TargetSolutions’ parent company, Vector Solutions, recently completed a Virtual Reality (VR) training video that teaches firefighters how to read smoke coming out of a burning building with a 360-degree view using the latest drone technology.
The training is shot in a two-story building using a Gear 360 camera to provide an immersive experience for firefighters. The final product will include a modernized course in which users interact with their computer or using a VR headset.
VR Training Benefits
Virtual reality has benefits for many types of training. Here are some of the key benefits of using VR training for firefighters.
- A Safe Training Environment
One of the key advantages of VR for fire training is that it creates simulated emergencies without putting trainees in any real danger. Firefighters can get a sense of being in a very realistic situation and test their abilities without incurring any risk.
- VR Training Can be Delivered Remotely
Traditionally, firefighter training had to be conducted in a specific location at a specific time. With VR and other computer-based training methods, however, this is no longer the case. As long as trainees have the appropriate equipment, they can undergo training from any location.

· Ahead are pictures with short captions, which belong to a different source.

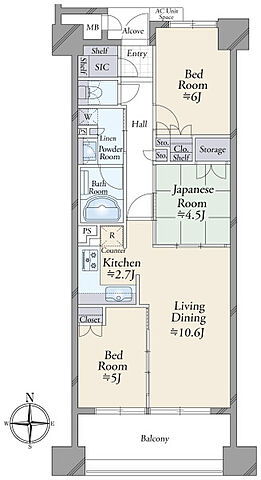 間取り ルネ京都烏丸五条 6階/-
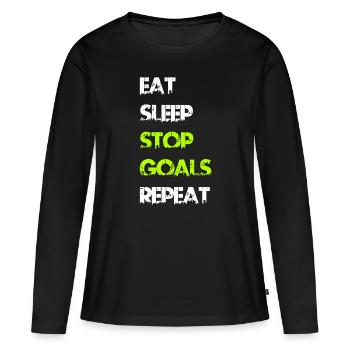 Manger dormir Arrêter Goal Répéter Soccer Hockey Sport ide - T-shirt manches longues Premium bio Femme - noir - Devant - Julia (174cm)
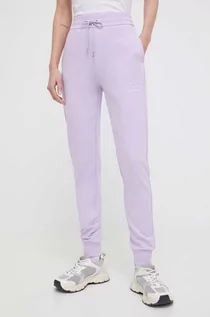 Spodnie damskie - Armani Exchange spodnie damskie kolor fioletowy gładkie - grafika 1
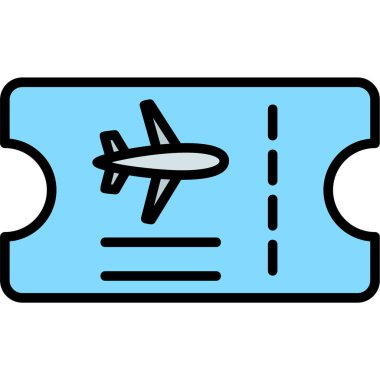 Uçak bileti. Web simgesi basit illüstrasyon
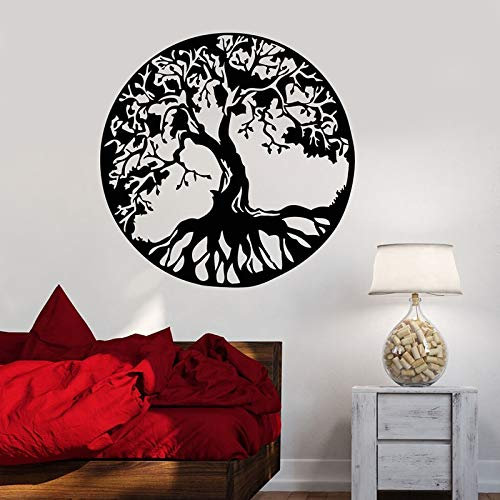 QIANGTOU Calcomanía de Vinilo para Pared con árbol de la Vida Celta, Pegatinas de Estilo Familiar y Natural para decoración de la habitación del hogar, Papel Tapiz Extra 57x57cm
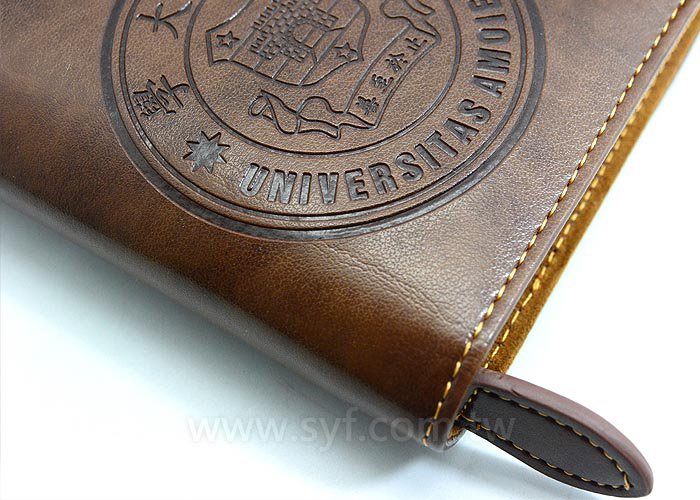 仿舊皮紋工商日誌-三折式拉鍊包活頁筆記本-可訂製內頁及客製化加印LOGO-廈門大學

- A Highly Visual Form of Learning
People generally learn better in a visual environment as opposed to simply reading a book or listening to a lecture. VR training creates visually stimulating and realistic scenarios that can be more engaging than traditional learning methods.
- VR Brings Down the Cost of Training
Early models of VR systems tend to be costly. However, as the technology advances, it may become more affordable. In the case of firefighting, VR training like other online training products can reduce fuel costs and other expenses. It’s possible that in the future VR training will be available to firefighters in locations all around the world.
- VR Training Supports Better Retention
Since it’s so realistic, VR training is likely to stay in trainees’ minds and muscle memories for a long time. Whereas people are apt to forget something they heard, read or even watched on a screen, when they have a direct experience, it stays with them longer.